=== Task inputs ===

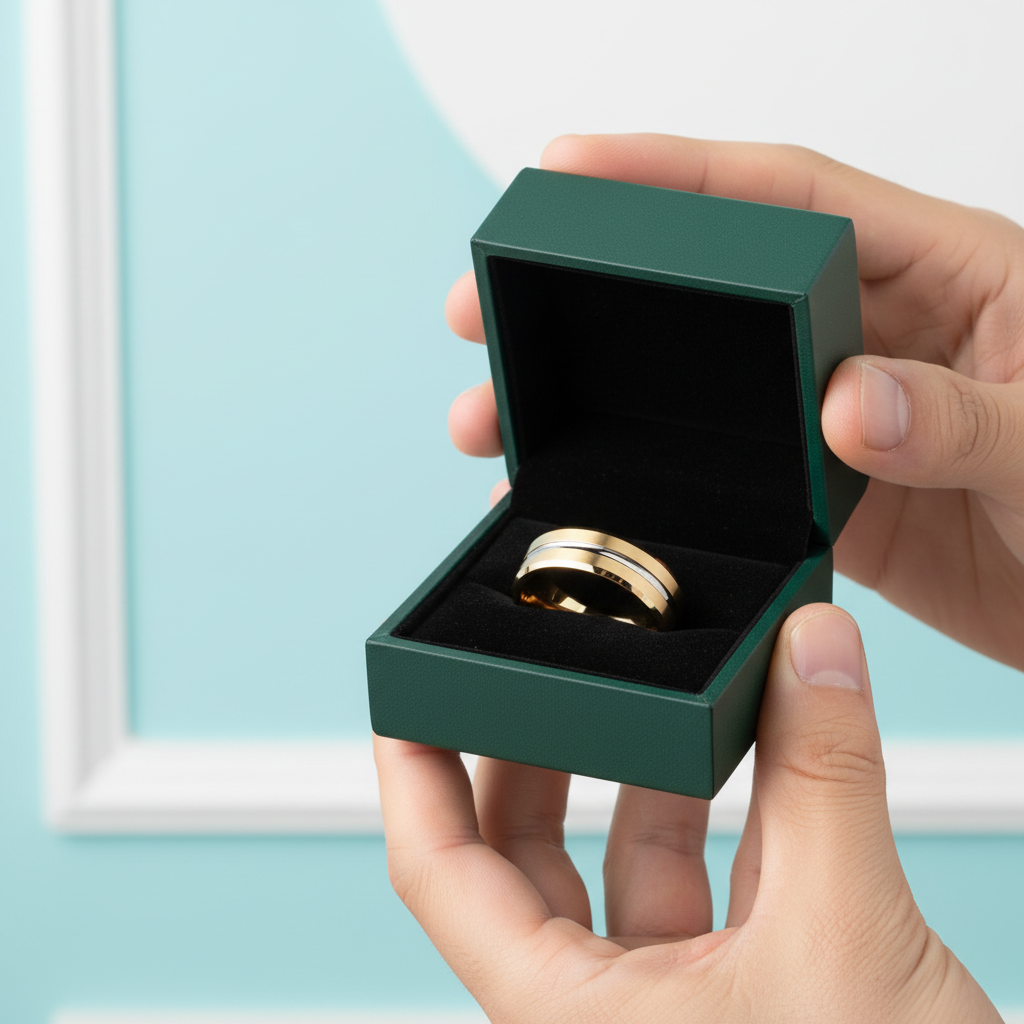 Beveled Edge Yellow Gold Tungsten Men's Wedding Band - Evani Naomi Jewelry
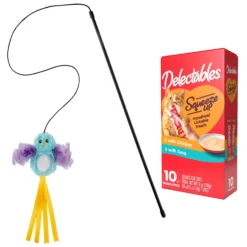 Hartz Delectables Squeeze Up Variety Pack Lickable Cat Treats & Frisco Bird With Feathers Teaser Wand Cat Toy With Catnip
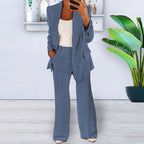 Women's Elegant and Loose Blazer Set with Wide Pants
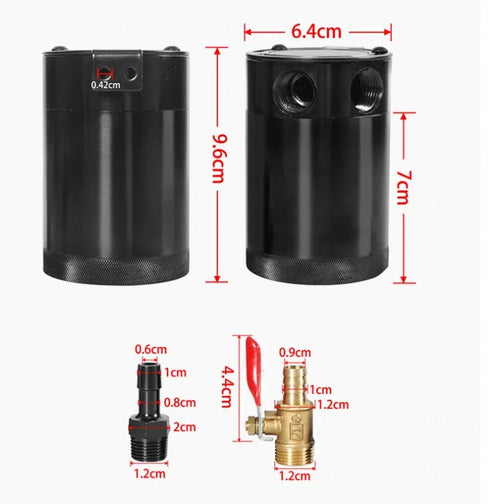 Aluminium automotive oil drain can with ventilation holes and optional drain valve in black or silver finish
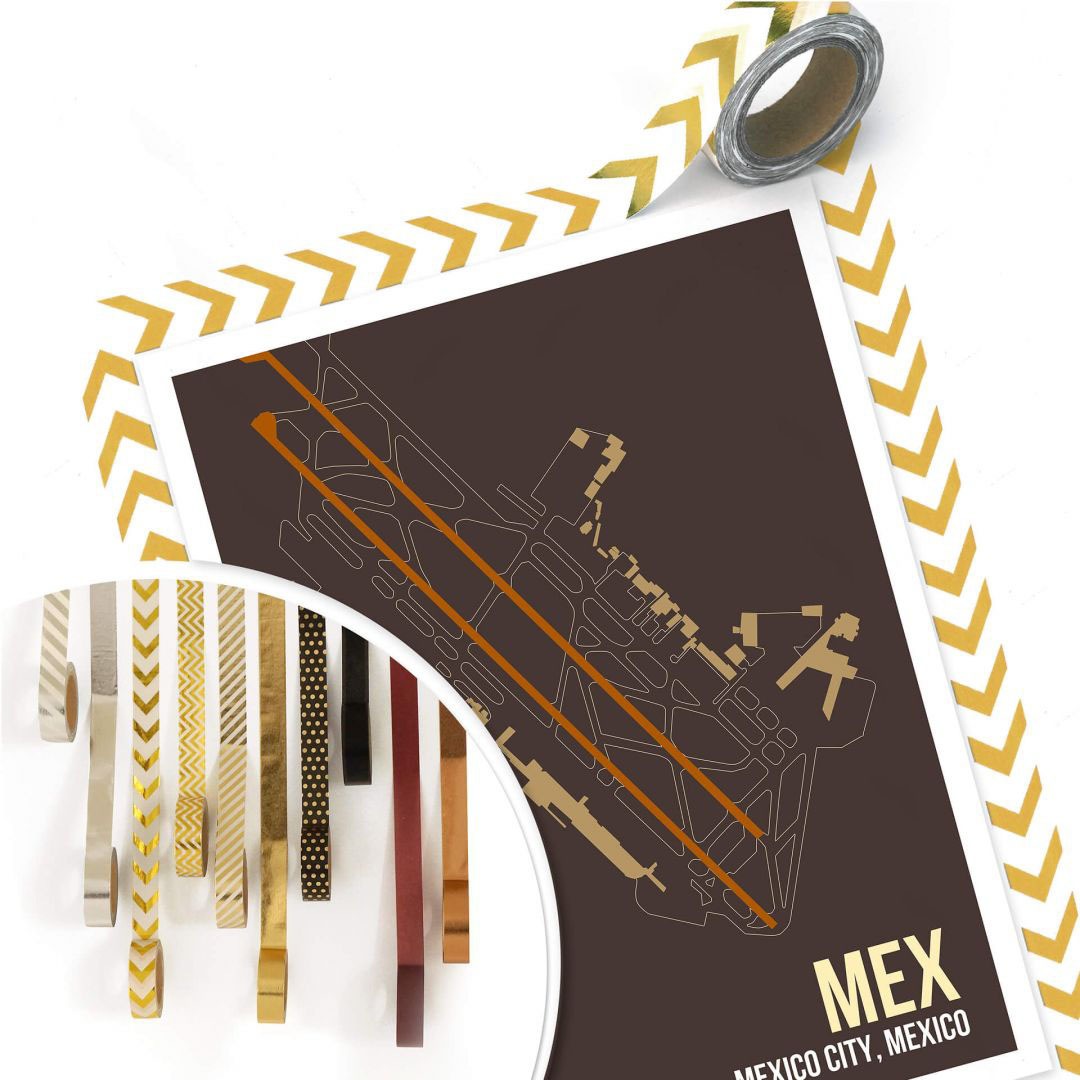 Wall-Art Poster »Wandbild MEX Grundriss Mexico City«, Grundriss, (1 St.), Poster ohne Bilderrahmen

===

What to do: Repeat only the lines from the line with "Women's Elegant and" to the end of the entries, including both the first and the last line, and drop every picture.

Answer space:
 Women's Elegant and Loose Blazer Set with Wide Pants
 Aluminium automotive oil drain can with ventilation holes and optional drain valve in black or silver finish
 Wall-Art Poster »Wandbild MEX Grundriss Mexico City«, Grundriss, (1 St.), Poster ohne Bilderrahmen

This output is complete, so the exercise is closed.